Returns the spectrum of a fitted PCA or KernelPCA decomposition.

Syntax¶

ML.INSPECT.SPECTRUM(obj)

Arguments¶

Name	Type	Default	Description
obj	object		Fitted PCA or KernelPCA object (created by ML.DIM_REDUCTION.PCA or ML.DIM_REDUCTION.KERNEL_PCA and trained with ML.FIT).

Returns¶

A DataFrame whose columns depend on the input. For PCA: Components, Explained Variance, Explained Variance Ratio, Singular Values. For KernelPCA: Components, Eigenvalues, Explained Variance Ratio. The two share Components and Explained Variance Ratio only.

When to use¶

Use ML.INSPECT.SPECTRUM to read the spectrum of a fitted dimensionality-reduction object — either a linear PCA or a KernelPCA. One formula serves both: pass the fitted object handle and the function returns the table that matches what scikit-learn exposes for that decomposition.

A common use is to chart the spectrum: pull the table into Excel, plot the explained-variance ratio (or the eigenvalues, for kernel PCA) against the component index, and look for the elbow — the point past which adding more components stops capturing appreciable variance.

Examples¶

Read the spectrum of a fitted linear PCA in cell B41:

=ML.DIM_REDUCTION.PCA(2)
=ML.FIT(B40, B15)
=ML.INSPECT.SPECTRUM(B41)

Or the spectrum of a fitted Kernel PCA with an RBF kernel:

=ML.DIM_REDUCTION.KERNEL_PCA(2, "rbf", , 15)
=ML.FIT(I4, B14)
=ML.INSPECT.SPECTRUM(I5)

The PCA result spills as four columns; the KernelPCA result spills as three.
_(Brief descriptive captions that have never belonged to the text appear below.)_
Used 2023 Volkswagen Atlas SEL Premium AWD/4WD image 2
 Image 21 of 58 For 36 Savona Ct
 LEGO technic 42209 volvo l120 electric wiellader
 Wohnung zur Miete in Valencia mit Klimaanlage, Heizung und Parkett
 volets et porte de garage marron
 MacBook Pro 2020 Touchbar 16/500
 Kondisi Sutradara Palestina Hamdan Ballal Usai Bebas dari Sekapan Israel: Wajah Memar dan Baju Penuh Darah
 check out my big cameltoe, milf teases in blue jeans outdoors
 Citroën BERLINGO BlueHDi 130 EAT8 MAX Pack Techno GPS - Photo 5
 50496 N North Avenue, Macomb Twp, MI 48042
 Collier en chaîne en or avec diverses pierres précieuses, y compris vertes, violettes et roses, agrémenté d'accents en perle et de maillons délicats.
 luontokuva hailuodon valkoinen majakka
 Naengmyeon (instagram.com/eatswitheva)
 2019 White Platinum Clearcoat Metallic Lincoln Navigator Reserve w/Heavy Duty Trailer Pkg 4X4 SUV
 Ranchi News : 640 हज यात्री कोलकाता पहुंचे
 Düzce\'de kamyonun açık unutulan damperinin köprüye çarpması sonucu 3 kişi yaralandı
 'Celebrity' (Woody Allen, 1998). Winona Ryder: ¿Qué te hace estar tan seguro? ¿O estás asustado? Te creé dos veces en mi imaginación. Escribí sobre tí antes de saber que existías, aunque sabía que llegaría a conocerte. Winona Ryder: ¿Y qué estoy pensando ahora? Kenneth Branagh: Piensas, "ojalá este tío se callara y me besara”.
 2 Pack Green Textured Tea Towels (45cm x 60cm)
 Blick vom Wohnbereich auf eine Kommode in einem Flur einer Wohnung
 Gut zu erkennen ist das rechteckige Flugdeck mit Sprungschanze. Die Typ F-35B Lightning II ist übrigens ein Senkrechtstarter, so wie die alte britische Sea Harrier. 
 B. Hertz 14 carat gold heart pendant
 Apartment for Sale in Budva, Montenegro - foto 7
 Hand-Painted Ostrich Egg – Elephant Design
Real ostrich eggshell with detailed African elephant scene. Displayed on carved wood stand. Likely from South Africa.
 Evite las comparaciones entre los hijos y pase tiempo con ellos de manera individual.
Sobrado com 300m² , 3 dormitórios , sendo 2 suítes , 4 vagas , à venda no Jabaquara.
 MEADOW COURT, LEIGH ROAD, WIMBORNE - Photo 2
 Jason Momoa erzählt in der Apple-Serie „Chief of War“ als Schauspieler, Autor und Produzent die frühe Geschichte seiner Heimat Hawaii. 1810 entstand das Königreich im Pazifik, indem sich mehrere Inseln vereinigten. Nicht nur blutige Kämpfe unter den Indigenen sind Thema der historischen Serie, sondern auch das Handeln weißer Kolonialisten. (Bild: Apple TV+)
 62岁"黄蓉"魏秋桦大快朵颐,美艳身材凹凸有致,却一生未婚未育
The Explained Variance Ratio column always sums to 1.0.

Remarks¶

The model passed in must be a PCA or KernelPCA object (created by ML.DIM_REDUCTION.PCA or ML.DIM_REDUCTION.KERNEL_PCA) that has been fitted with ML.FIT. Any other estimator type, or an unfitted decomposition, raises an error.
The returned column set depends on the input type. Avoid charts that reference fixed column positions if you plan to swap PCA for KernelPCA (or vice versa) — the two share only the Components and Explained Variance Ratio columns.
For linear PCA, the explained variance and singular values come directly from the data covariance. For Kernel PCA, the eigenvalues come from the centered kernel matrix and "explained variance ratio" is computed as eigenvalue / sum(eigenvalues) over the kept components, so the column always sums to 1.0 regardless of the underlying kernel.
Kernel PCA eigenvectors can flip sign across platforms; eigenvalues do not. If you want a stable summary of a fitted Kernel PCA, prefer this function over inspecting the raw projection coordinates.

Compatible with¶

Constructor	Description
ML.DIM_REDUCTION.PCA	Creates a Principal Component Analysis object.
ML.DIM_REDUCTION.KERNEL_PCA	Creates a Kernel Principal Component Analysis object.